▶ [What you have to do]: From the records that follow, return exactly the lines beginning at the one that contains "INKA team walking" and ending at the one that contains "istock Man pointing", pictures left out.
---- Study material
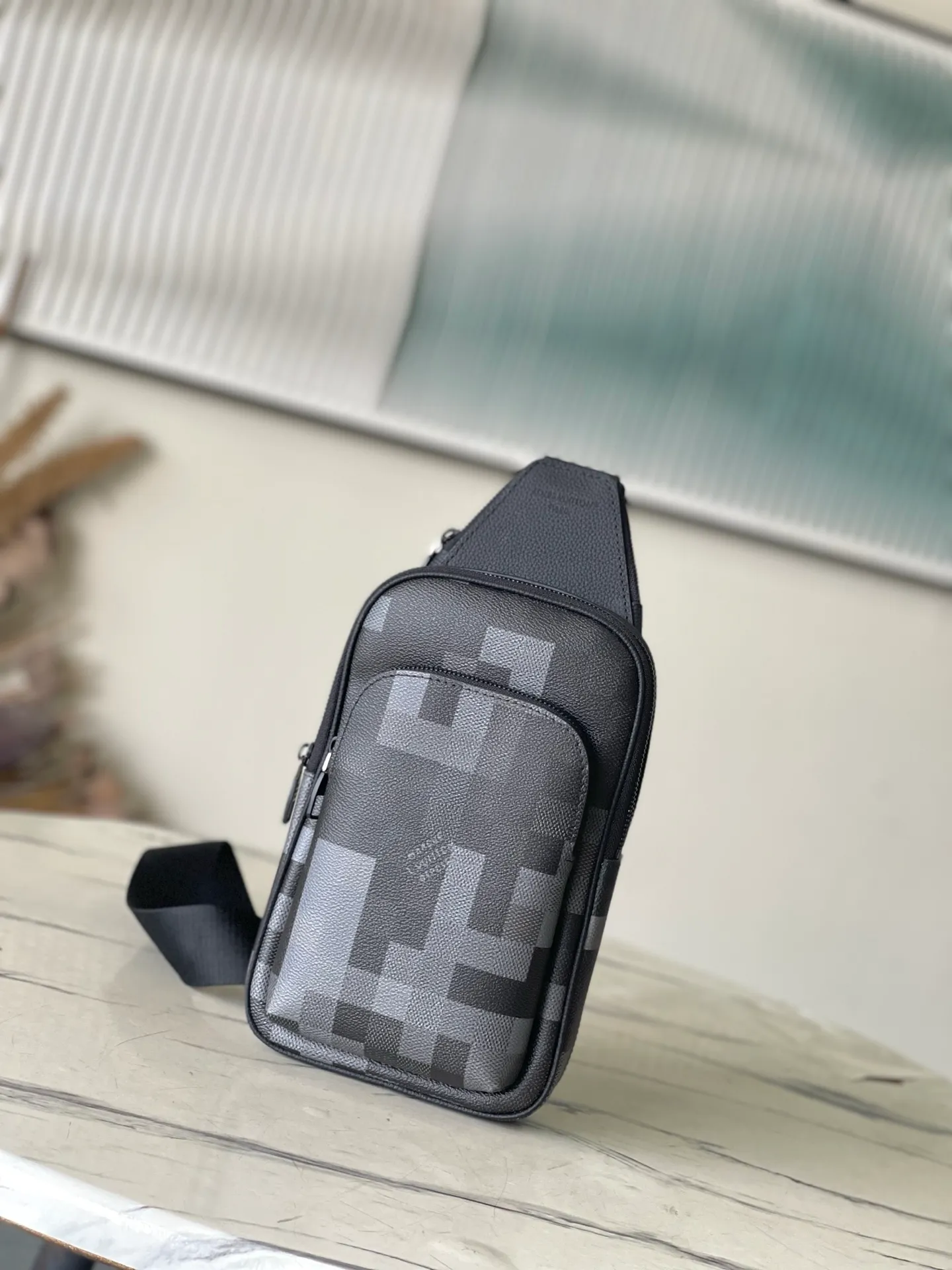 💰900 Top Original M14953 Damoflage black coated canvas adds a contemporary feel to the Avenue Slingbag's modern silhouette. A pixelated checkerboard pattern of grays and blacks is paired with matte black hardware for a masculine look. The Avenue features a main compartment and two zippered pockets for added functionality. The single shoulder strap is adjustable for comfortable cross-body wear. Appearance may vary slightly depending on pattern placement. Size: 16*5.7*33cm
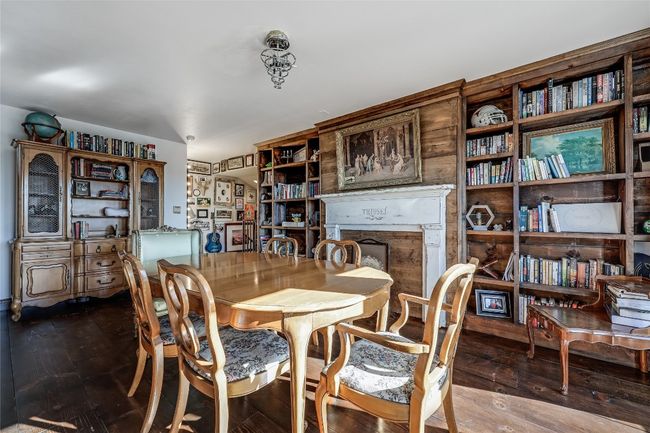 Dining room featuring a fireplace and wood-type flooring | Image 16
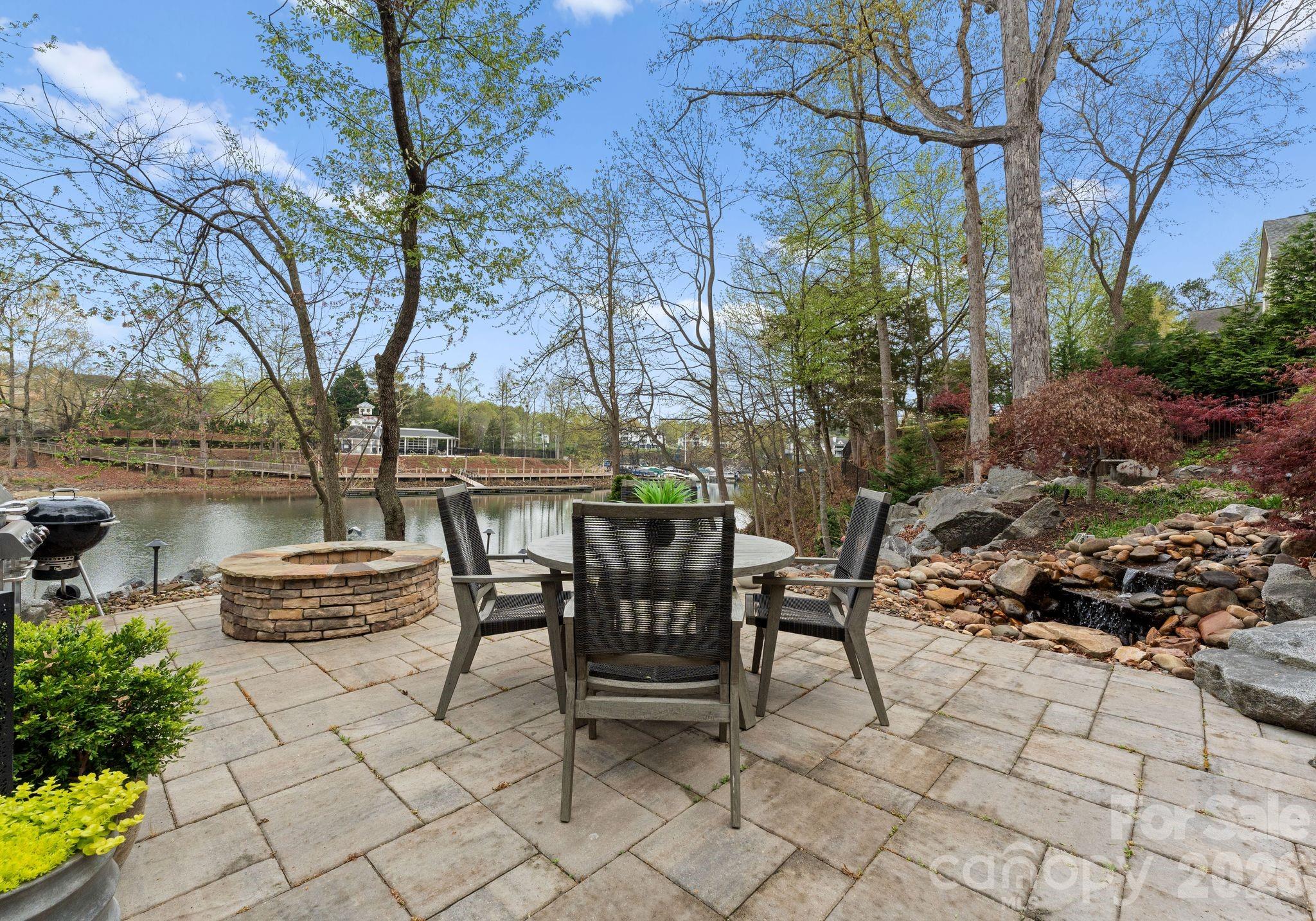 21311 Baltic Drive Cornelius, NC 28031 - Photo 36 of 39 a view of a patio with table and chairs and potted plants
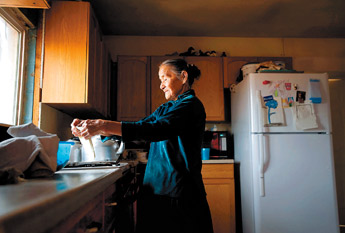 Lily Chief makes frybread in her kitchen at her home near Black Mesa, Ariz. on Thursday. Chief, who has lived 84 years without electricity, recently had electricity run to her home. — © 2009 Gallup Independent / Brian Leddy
--------
---- Study material
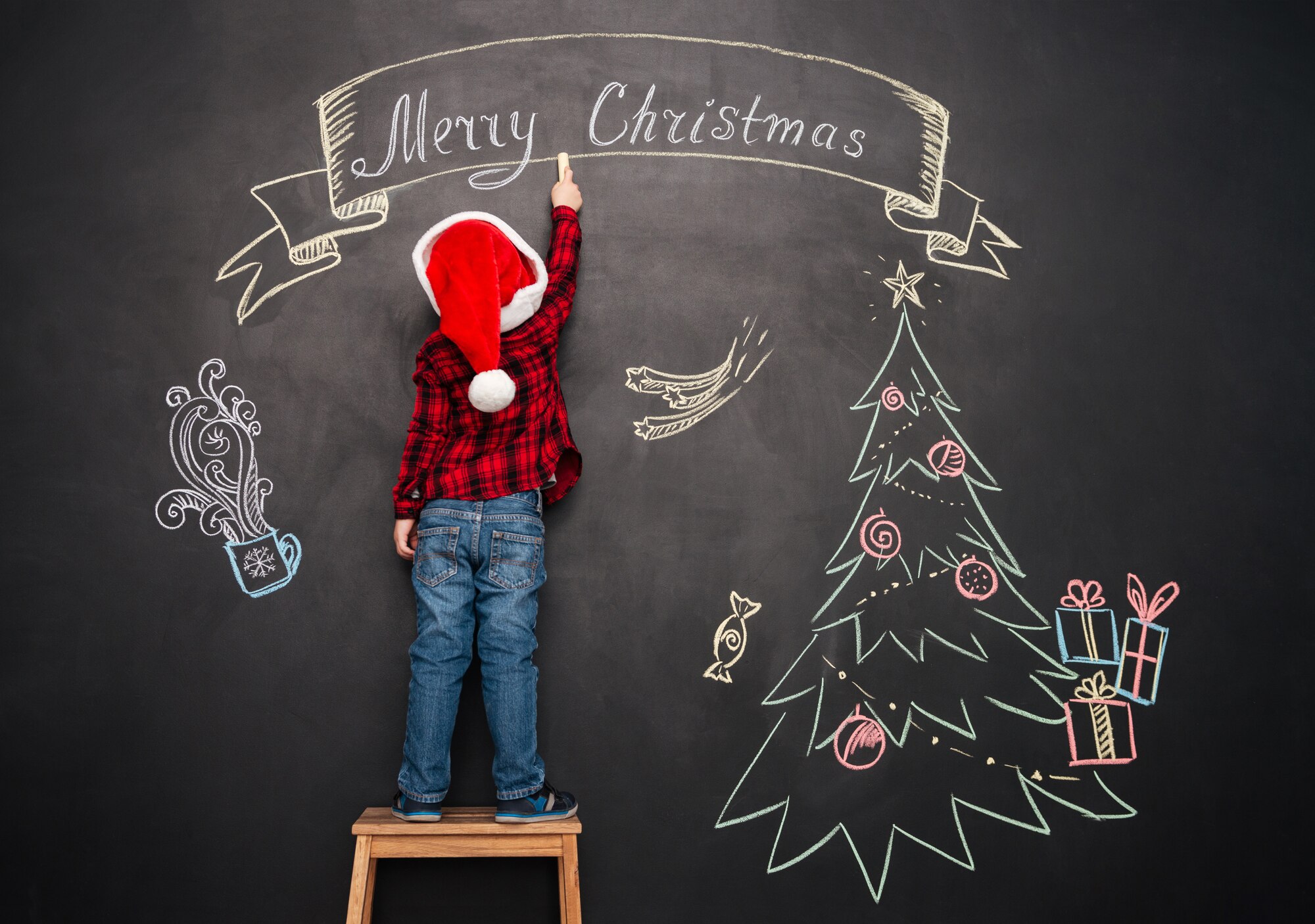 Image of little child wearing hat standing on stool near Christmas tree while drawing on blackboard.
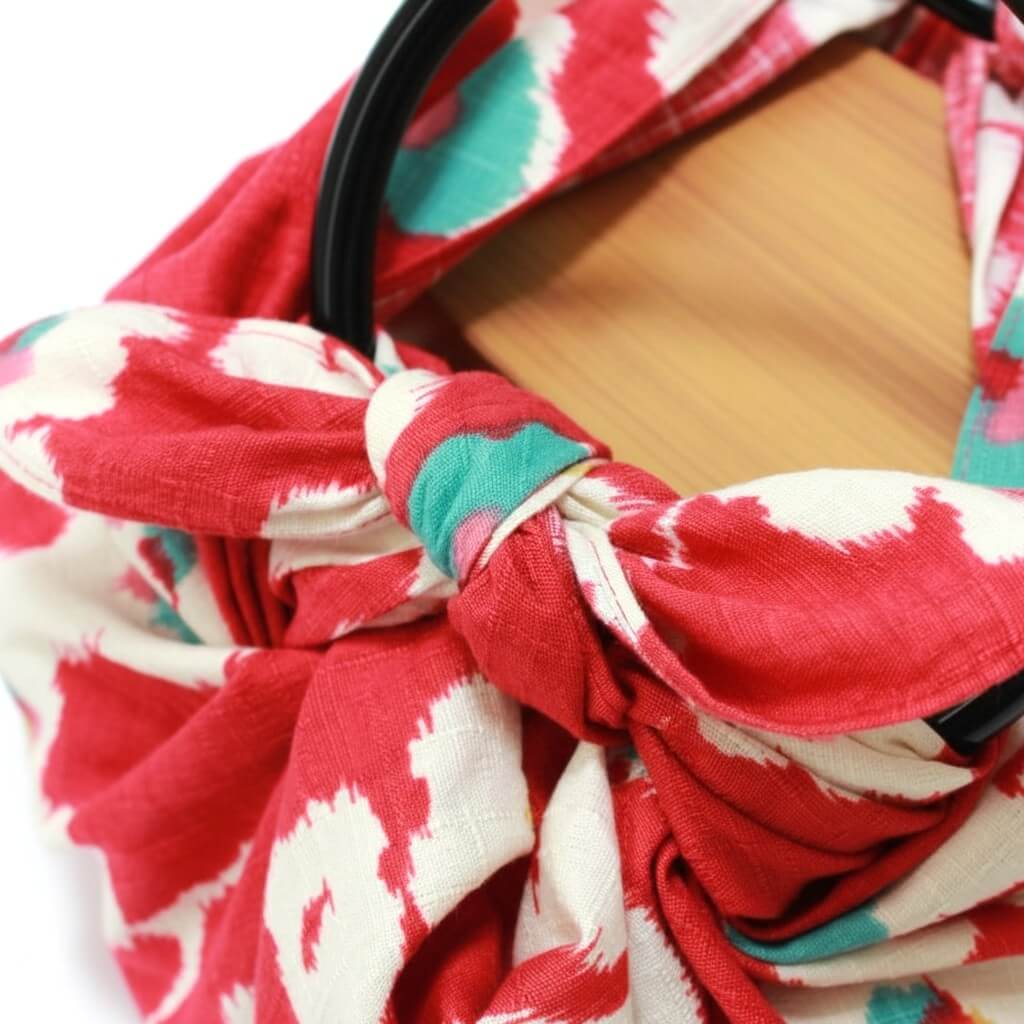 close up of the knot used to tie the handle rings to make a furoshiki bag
--------
---- Study material
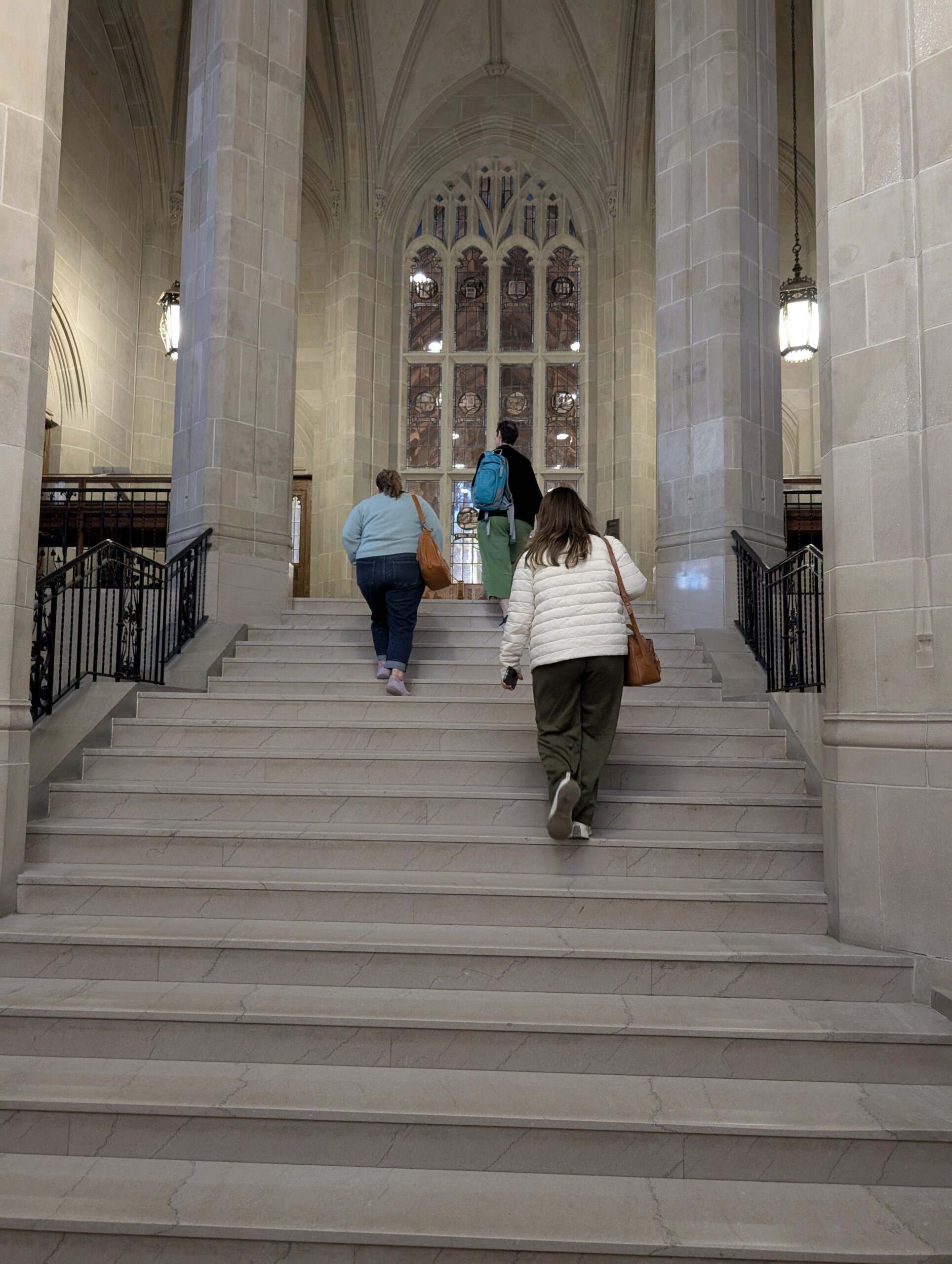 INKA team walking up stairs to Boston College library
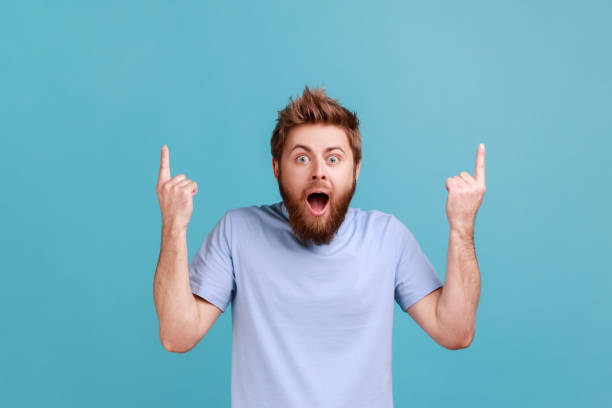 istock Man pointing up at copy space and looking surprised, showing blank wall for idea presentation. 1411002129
--------
▶ [Solved exercise]:
 INKA team walking up stairs to Boston College library
 istock Man pointing up at copy space and looking surprised, showing blank wall for idea presentation. 1411002129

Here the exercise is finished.